Para Lyons (1972: 1) a Lingüística se define como o estudo científico da língua. Entenda-se por estudo científico da língua como sendo a investigação dela por meio de observações controladas e verificáveis empiricamente e com referência a uma teoria geral da sua estrutura. A Lingüística, como qualquer outra ciência, constrói sobre o passado; e assim o faz não somente desafiando e refutando doutrinas tradicionais, mas também desenvolvendo-as e reformulando-as.

Para a compreensão dos princípios e hipóteses que regem a Lingüística, o conhecimento da História da Lingüística, que não se confunde com lingüística histórica, pode oferecer sua contribuição. Uma coisa é estudar a história de uma ciência, recuperando suas origens e seu desenvolvimento no tempo - é o que se faz na História da Lingüística. Outra coisa é estudar as mudanças que ocorrem nas línguas humanas à medida que o tempo passa, atividade específica da lingüística histórica.
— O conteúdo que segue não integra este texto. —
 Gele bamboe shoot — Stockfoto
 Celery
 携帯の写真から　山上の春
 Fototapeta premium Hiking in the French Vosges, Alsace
O interesse de uma história social da linguagem está, entre outras coisas, em constituir uma abordagem necessariamente interdisciplinar. Para tanto um dos contributos relevantes é a sociolingüística. Assim, a entrada dos conceitos e métodos da sociolingüística para o campo habitualmente ocupado pela lingüística tem vantagens mútuas: a sociolingüística procura, e encontra, nos estados passados de uma língua, os dados que podem validar ou invalidar as hipóteses que formulou para explicar uma mudança atualmente em curso; e a lingüística histórica tem a possibilidade, que até aqui lhe escapava, de ver processarem-se perante os seus olhos mudanças análogas àquelas que se deram no passado, e que apenas podia conjecturar.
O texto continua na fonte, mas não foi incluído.